NKJV: For out of much affliction and anguish of heart I wrote to you, with many tears, not that you should be grieved, but that you might know the love which I have so abundantly for you.
Verse Commentary:
Many Bible scholars believe that what's described here is a now-lost letter of Paul. This would have been sent between what we now know as 1 Corinthians and 2 Corinthians. Some suggest the mystery letter was actually written prior to 1 Corinthians, but that's not as clean a fit with the context of those two letters.

Instead, the sequence seems to be that Paul visited the Corinthians briefly following the writing of 1 Corinthians. During that painful visit, a confrontation took place. This appears to have been with a church member challenging Paul's authority as an apostle. It is unclear if most in the church sided with Paul or with this other man. Paul wrote the now-lost letter to them in order to urge the church to deal with this man and make clear their support for Paul's authority as an apostle of Jesus.

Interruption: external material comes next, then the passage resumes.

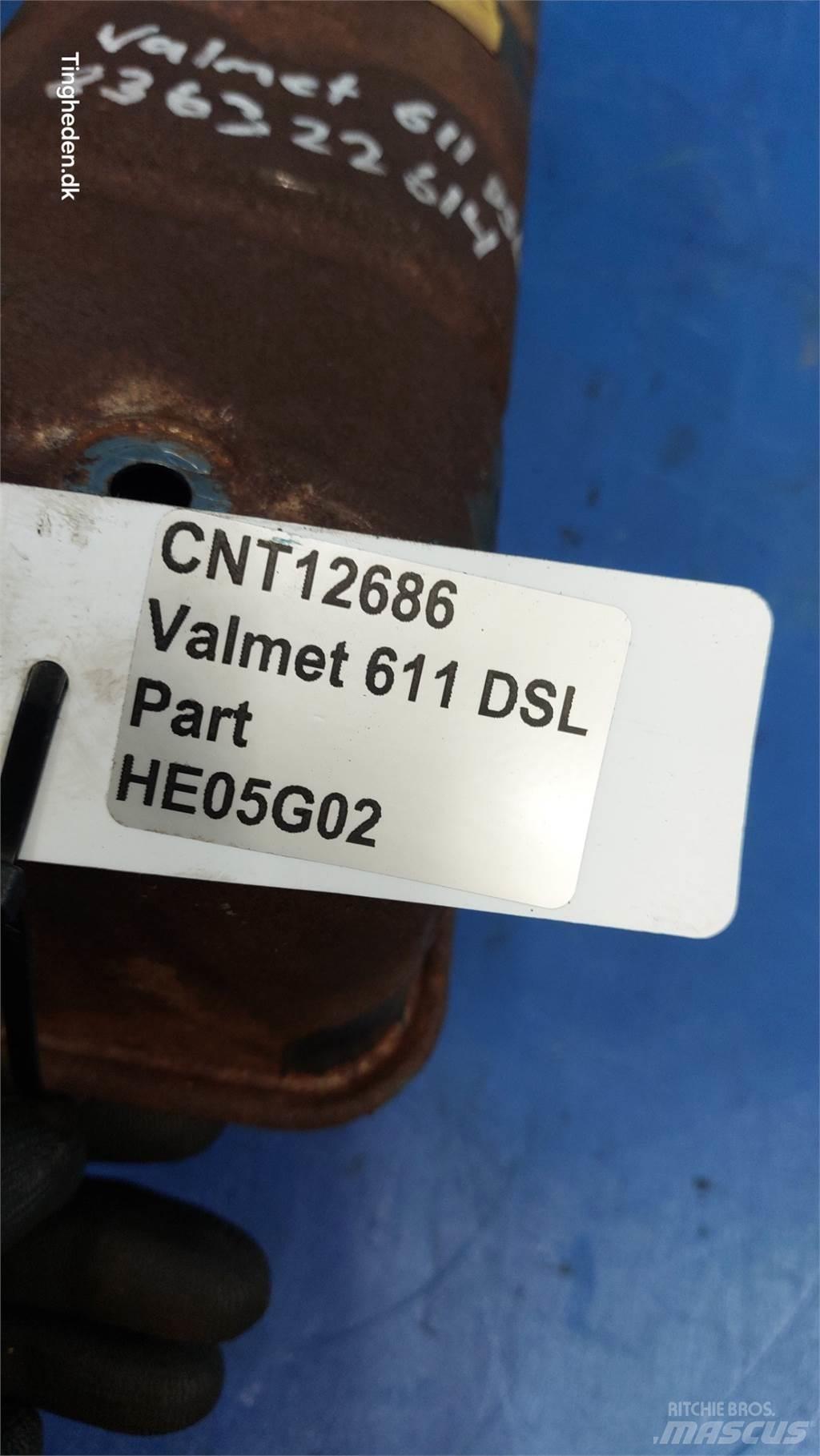 Valmet 611 DSL محركات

Writing that letter, Paul now says, caused him great pain. He wrote it out of affliction and anguish of heart, shedding tears as he sent it. He did not write it in order to cause them pain. That's the last thing Paul wanted for them. Instead, he wrote it because he loved them so deeply. He knew that hearing the truth might hurt them, but he also hoped it would bring healing to everyone involved. Apparently, that's exactly what has happened.
Verse Context:
Second Corinthians 2:1–4 finds Paul explaining with great emotion how he decided not to return to Corinth until he learned whether they would side with or against him. He did not want to cause mutual needless pain with another difficult visit. Instead, he wrote to them in great anguish. That letter—now lost—told them to correct the man and to remain loyal to God's authority in and through him. He did not write to hurt them but out of abundant love for them.
Chapter Summary:
Paul explains why he delayed coming to visit the Corinthians. In great anguish, he had written a painful letter to tell them they must correct a man among them. This person may have challenged Paul's authority as an apostle of Jesus. The Corinthians disciplined the man, and he repented. Paul told them to forgive him. He tells of Titus failing to show up in Troas with news about the Corinthians, then transitions into teaching that Christians are the aroma of Christ on earth to everyone they know.
Chapter Context:
Second Corinthians continues uninterrupted from the previous chapter. Paul is explaining why he waited to come to Corinth. He wanted to see if they would side with him, or with the man who challenged his authority. They disciplined the man. He repented. Paul commands restoration and forgiveness. He then tells of failing to find Titus in Troas with news about them before transitioning into teaching that Christians are the aroma of Christ on earth, smelling of death to the perishing and life to those being saved. This brings Paul back to the subject of his own authority in chapter 3.
Book Summary:
Second Corinthians returns to similar themes as those Paul mentioned in his first letter to this church. Paul is glad to hear that the church in Corinth has heeded his advice. At the same time, it is necessary for Paul to counter criticisms about his personality and legitimacy. Most of this text involves that subject. The fifth chapter, in contrast, contains comforting words which Christians have quoted often in times of hardship. Paul also details his expectations that the church in Corinth will make good on their promise to contribute to the needs of suffering believers in Jerusalem.